Swanson preached twice, each time confounding the sign language interpreters who gamely tried to keep pace as he went gleefully off-script. He spun in a circle to emphasize a point. He thundered. He engineered an impromptu altar call that brought hundreds to the front.
[Bishop Swanson] wandered the floor…telling us, “We win!” When he looks you in the eye and says that, what else can you do but go up top?
Not that it was all about the theatrics. Or even about Swanson. Our own bishop, Sharma D. Lewis can unsettle your expectations about preaching, too. (And she admits that she has learned a thing of two from her mentor, Bishop Swanson.) She ended the conference by standing on a chair in the middle of the crowd calling out young people and old people and all people to join her in a mission.
No, the thing that was most impressive about this super-charged 235th session of the Virginia Annual Conference of United Methodists, was the way it embodied the hope of a new day with a fresh outpouring of the Holy Spirit. We didn’t just hear about the Spirit’s work; we were invited into it body and soul.
Bishop Lewis, presiding for the first time in her new role as Virginia’s episcopal leader, began the Conference by sharing that she has the gift of faith. This sounds a little unusual. After all, isn’t faith what we all should have? Well, yes, in that faith is what restores our relationship with the One who made us. But that faith comes as a gift. If faith is just an exercise of the will it places too much confidence in our own ability to enact it. It is a gift to trust that God has done and will do everything necessary in Jesus Christ to bring about God’s purposes. Bishop Lewis has that gift in abundance.
In her closing sermon, she cast a vision, which is “to be disciples of Jesus Christ who are life-long learners, who influence others to serve.” We’ll be unpacking it for awhile. It’s a deceptively simple sentence born of her many hours in Chat and Chew sessions across Virginia.

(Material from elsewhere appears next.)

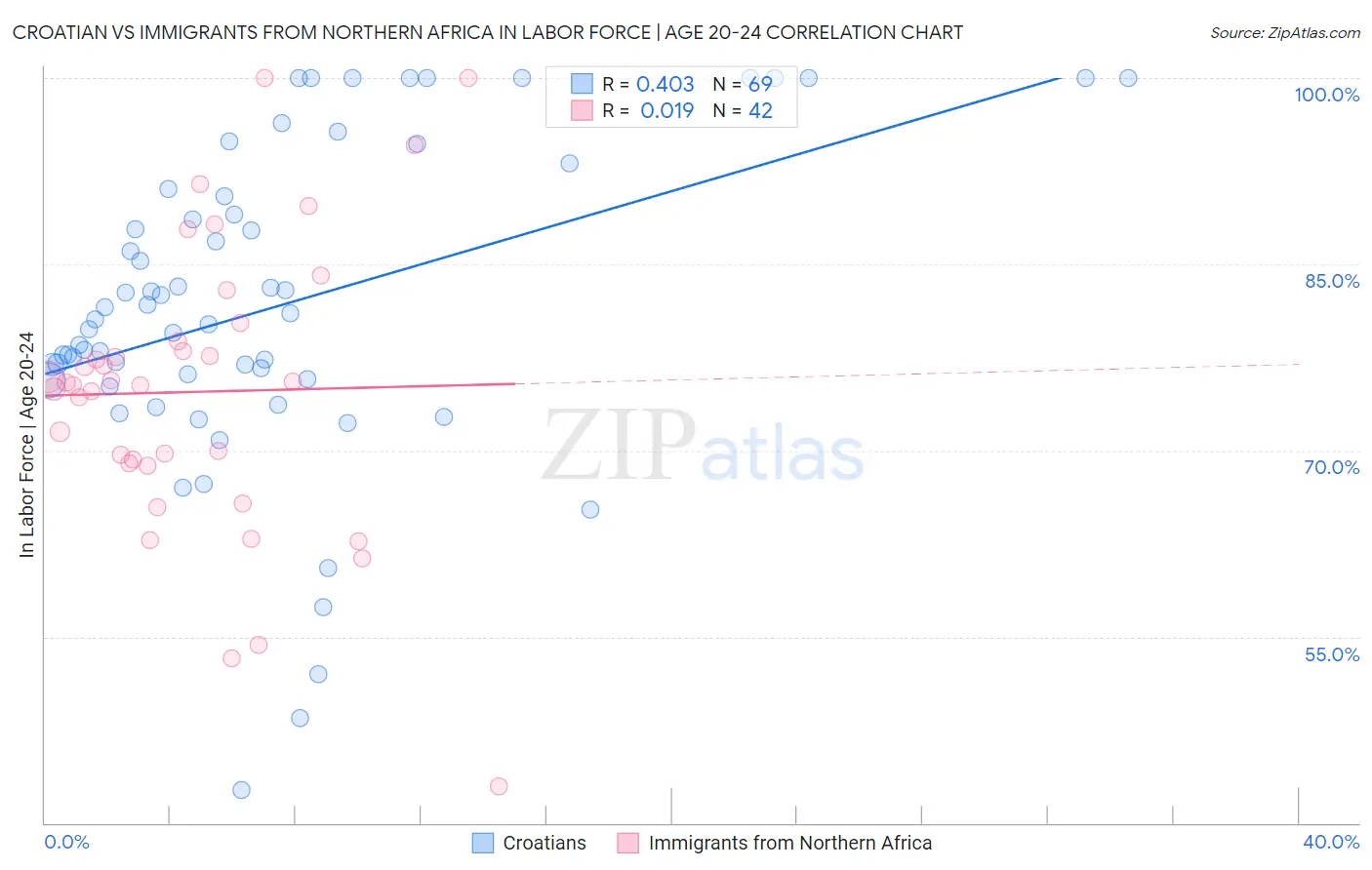 Croatian vs Immigrants from Northern Africa In Labor Force | Age 20-24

But in the context of what we saw in Hampton, it is clear that the vision is not just words – it’s a total immersion in the work of God in the world.

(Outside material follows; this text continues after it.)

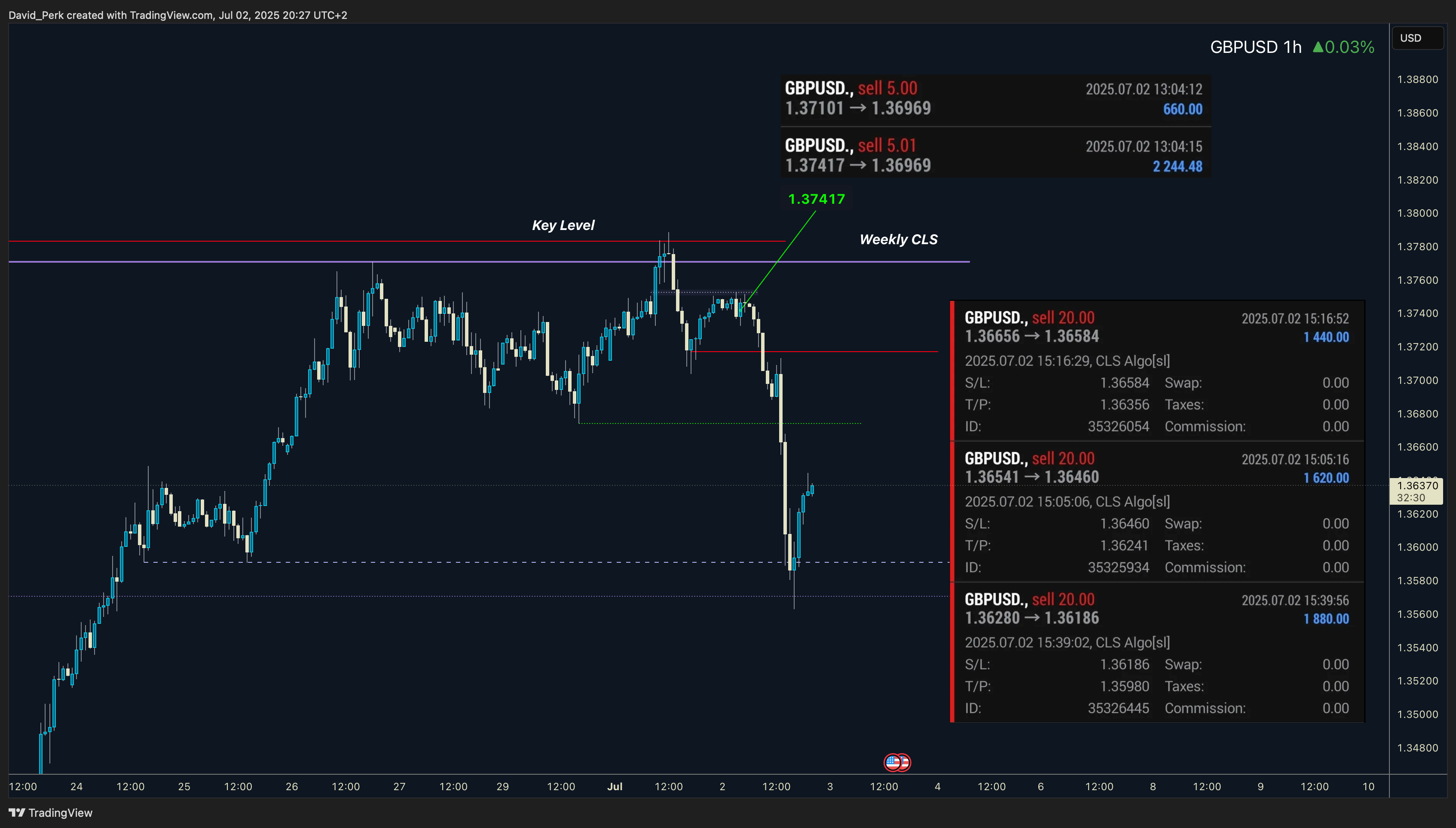 IBKR:GBPUSD Chart Image by David_Perk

In the music, in the people she brought to participate in this conference, and most especially in herself, Bishop Lewis gave us the best of where she has come from. What we saw is firmly rooted in the African-American tradition where she has been nurtured, but basic and universal enough to speak far beyond that context.
I have seen this dynamic in my bishop before. She is always ‘on’ but when she is preparing for a big moment, there is a new gear. It’s as if she is saying, “I know you’ve got doubts. I know there are trials. But I know Jesus. So follow me. Hop on my back if you need to. We’re going with him.” The Rev. Morgan Guyton noted this gear in a very insightful and personal reflection on the Conference: “All I could see was that she was all in.”*
She is. We are. So we go. And I’ll high-five anybody who wants to go with me.